2
votes

If I have an ANTLR grammar as follows:

grammar Test;
options {
  language = Java;
}

rule : (foo | bar);


foo : FOO ',' FOO;   
bar : BAR; 

FOO: ('0'..'9')+;
BAR: ('a'..'z' | 'A'..'Z' | '0'..'9' | ' ')+;
WHITESPACE: (' ' | '\t')+ { $channel=HIDDEN; };

And I use a test string:

12abc3

this (I believe) is a BAR token which satisfies a bar rule and is parsed as such. Bravo.

However, if I have this string:

12

I receive line 1:2 mismatched input '' expecting ','

This seems rather non-deterministic although I'm sure it's not.
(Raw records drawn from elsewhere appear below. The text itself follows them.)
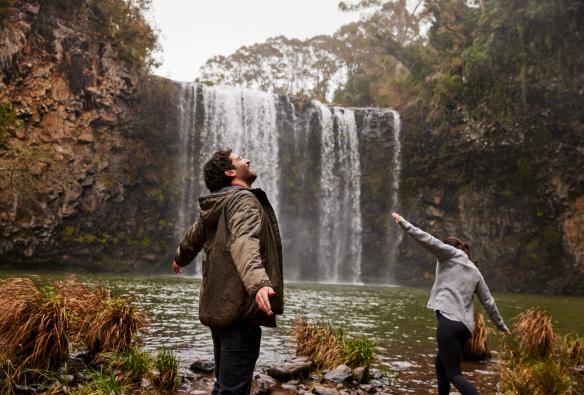 A couple explores a waterfall in Dorrigo, New South Wales © Destination NSW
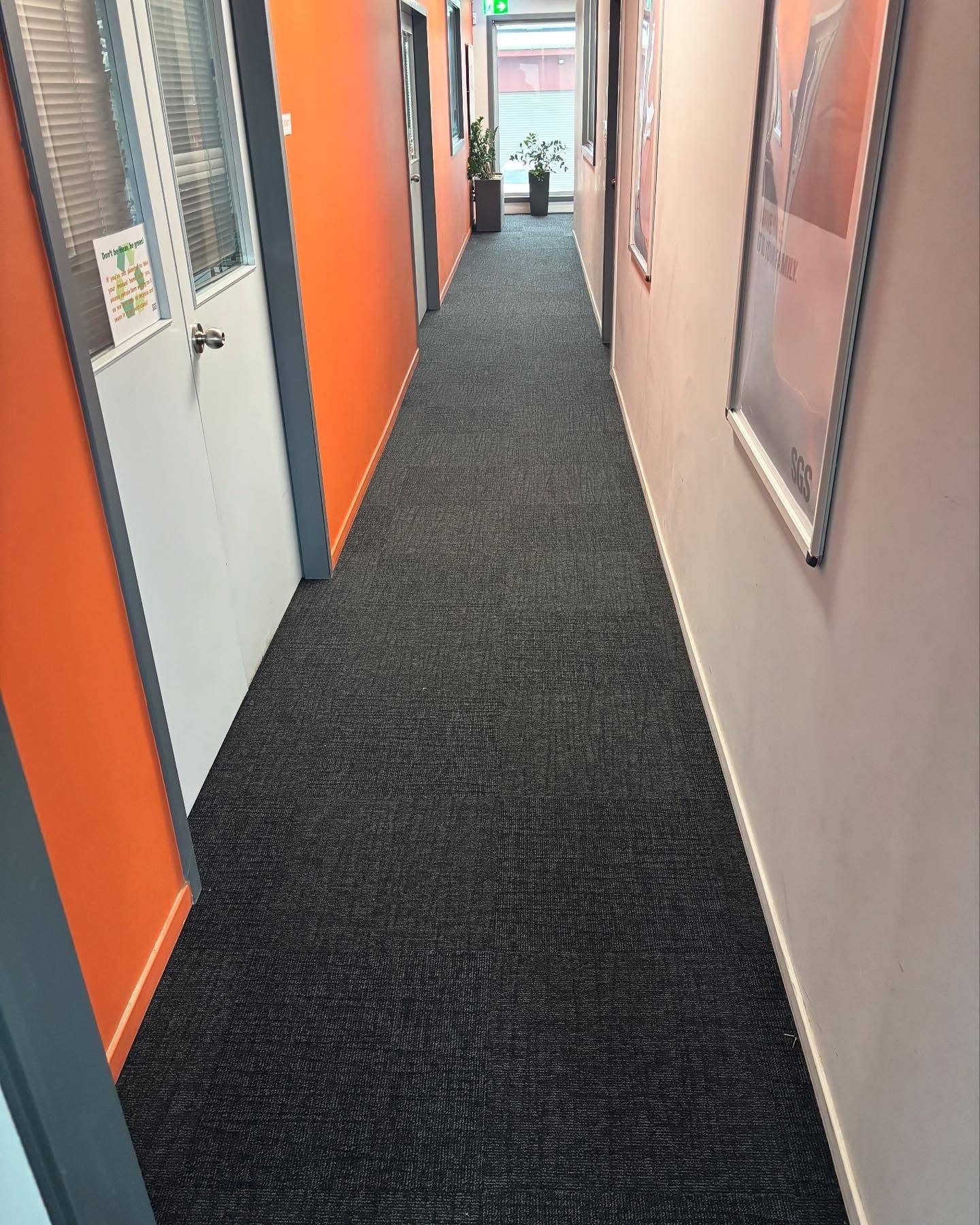 Office corridor with dark carpet tiles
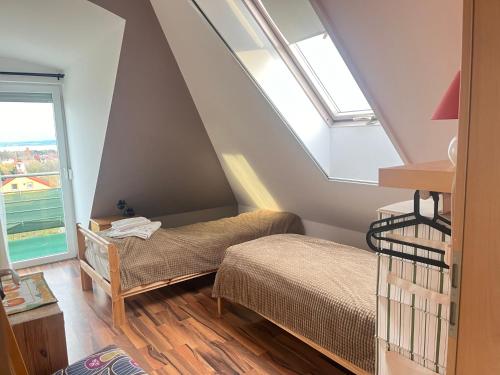 バラトンフレドにあるBalatonfüred Apartmentの屋根裏のベッドルーム(ベッド2台、窓付)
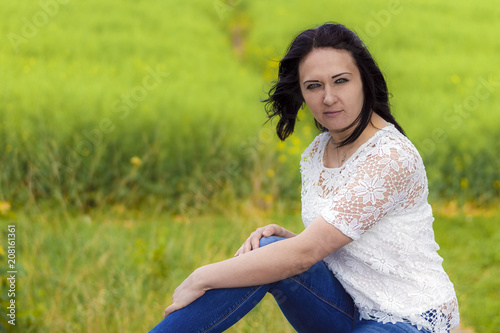 Beautiful young brunette in jeans takes a break from the bustle of the city photo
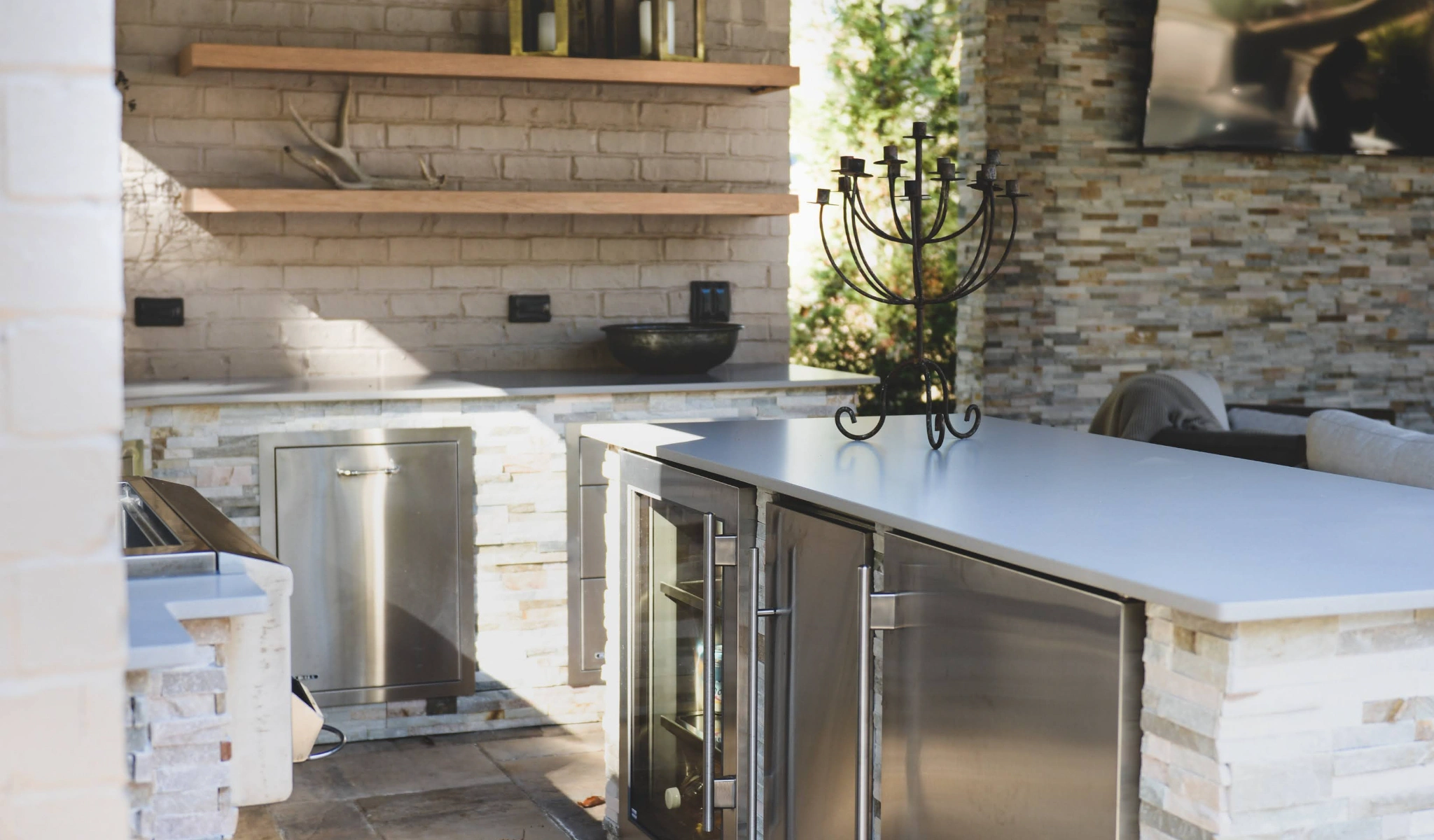 An outdoor kitchen with stainless steel appliances designed by a home designer.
I understand I'm already in trouble by having two tokens: FOO and BAR that accept digits. But if the parser is going to succeed or fail it should succeed or fail consistently. In other words, in the first case the first character is a 1 and apparently is being evaluated as a member of the BAR token and thus the parser heads down a successful path. In the second case, the SAME first character is being evaluated as a FOO token and thus the path is doomed to fail despite the fact that the string COULD be a successful bar parse. Why the inconsistency? Or am I missing something more fundamental about ANTLR and/or parsing?

2

2 Answers

3
votes

ANTLR doesn't determine the token type until it sees the first character for the next token(or EOF). ANTLR will also attempt a longest match, which is why you see '12abc3' as BAR and not as FOO BAR. In the second case ANTLR will use FOO for '12' because it is listed first in the grammar.

ANTLR basics

ANTLR lexers

0
votes

In addition to Adam answer, you must realize that the lexer and parser, although defined in the same grammar, are being constructed at different times. First the input source is being tokenized and when that has happened, only then the parser operates on these tokens. The tokens are not created while the parser goes through the source (character stream) to favor a complete match (ie. tokenize "12" as BAR). The fact that "12" is being tokenized as FOO is because FOO comes before the BAR rule and has therefor a higher precedence in case of an equal long match.

In short: ANTLR grammars are not PEG's.